+++ SUPPLIED DATA

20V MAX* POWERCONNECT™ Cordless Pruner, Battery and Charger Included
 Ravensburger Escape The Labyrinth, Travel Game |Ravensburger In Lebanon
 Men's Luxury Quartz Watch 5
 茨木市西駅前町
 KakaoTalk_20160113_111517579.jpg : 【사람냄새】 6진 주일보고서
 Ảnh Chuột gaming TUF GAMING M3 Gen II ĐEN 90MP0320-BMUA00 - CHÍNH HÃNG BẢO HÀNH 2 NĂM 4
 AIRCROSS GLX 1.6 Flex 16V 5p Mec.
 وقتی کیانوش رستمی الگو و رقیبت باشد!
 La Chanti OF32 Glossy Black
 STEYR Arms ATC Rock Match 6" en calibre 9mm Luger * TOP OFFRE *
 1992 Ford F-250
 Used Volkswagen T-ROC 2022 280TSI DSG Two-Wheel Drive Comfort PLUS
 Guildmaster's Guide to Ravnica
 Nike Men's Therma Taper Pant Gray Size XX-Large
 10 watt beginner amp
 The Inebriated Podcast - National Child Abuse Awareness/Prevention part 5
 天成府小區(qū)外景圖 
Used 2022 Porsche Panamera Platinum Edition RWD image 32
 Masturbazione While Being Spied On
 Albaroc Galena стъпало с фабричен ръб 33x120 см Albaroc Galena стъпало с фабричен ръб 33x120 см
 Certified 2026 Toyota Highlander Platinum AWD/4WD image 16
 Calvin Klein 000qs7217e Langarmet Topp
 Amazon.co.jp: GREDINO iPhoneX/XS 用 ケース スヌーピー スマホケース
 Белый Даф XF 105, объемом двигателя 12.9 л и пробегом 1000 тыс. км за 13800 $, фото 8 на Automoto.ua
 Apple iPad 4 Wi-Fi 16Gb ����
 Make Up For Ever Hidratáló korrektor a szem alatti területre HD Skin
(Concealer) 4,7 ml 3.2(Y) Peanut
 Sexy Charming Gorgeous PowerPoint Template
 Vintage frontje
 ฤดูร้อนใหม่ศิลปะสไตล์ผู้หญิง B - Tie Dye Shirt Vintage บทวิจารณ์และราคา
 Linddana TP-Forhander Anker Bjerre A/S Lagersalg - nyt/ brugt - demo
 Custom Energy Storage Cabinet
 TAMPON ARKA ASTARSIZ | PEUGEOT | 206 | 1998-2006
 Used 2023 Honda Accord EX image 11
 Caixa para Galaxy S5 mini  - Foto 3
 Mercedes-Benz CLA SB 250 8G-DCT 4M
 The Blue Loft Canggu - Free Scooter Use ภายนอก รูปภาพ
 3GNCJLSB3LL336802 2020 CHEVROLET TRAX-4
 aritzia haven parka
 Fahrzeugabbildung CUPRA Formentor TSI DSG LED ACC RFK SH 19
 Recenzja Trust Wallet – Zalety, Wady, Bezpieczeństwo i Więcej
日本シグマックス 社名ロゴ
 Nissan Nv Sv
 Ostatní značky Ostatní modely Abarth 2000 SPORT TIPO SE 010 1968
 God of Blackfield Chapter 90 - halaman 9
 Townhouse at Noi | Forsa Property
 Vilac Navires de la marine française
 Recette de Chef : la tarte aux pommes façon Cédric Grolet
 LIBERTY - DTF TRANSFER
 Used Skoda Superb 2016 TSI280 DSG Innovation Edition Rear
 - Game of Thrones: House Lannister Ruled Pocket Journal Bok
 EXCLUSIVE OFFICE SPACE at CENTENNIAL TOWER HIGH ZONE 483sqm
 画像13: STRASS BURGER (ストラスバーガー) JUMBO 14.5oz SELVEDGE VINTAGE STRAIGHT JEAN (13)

++++++

What you return should be only the lines from the line containing "Used Skoda Superb" through the end of the material above, reproduced exactly, first and last included.

• _WRITTEN SOLUTION_:
 Used Skoda Superb 2016 TSI280 DSG Innovation Edition Rear
 - Game of Thrones: House Lannister Ruled Pocket Journal Bok
 EXCLUSIVE OFFICE SPACE at CENTENNIAL TOWER HIGH ZONE 483sqm
 画像13: STRASS BURGER (ストラスバーガー) JUMBO 14.5oz SELVEDGE VINTAGE STRAIGHT JEAN (13)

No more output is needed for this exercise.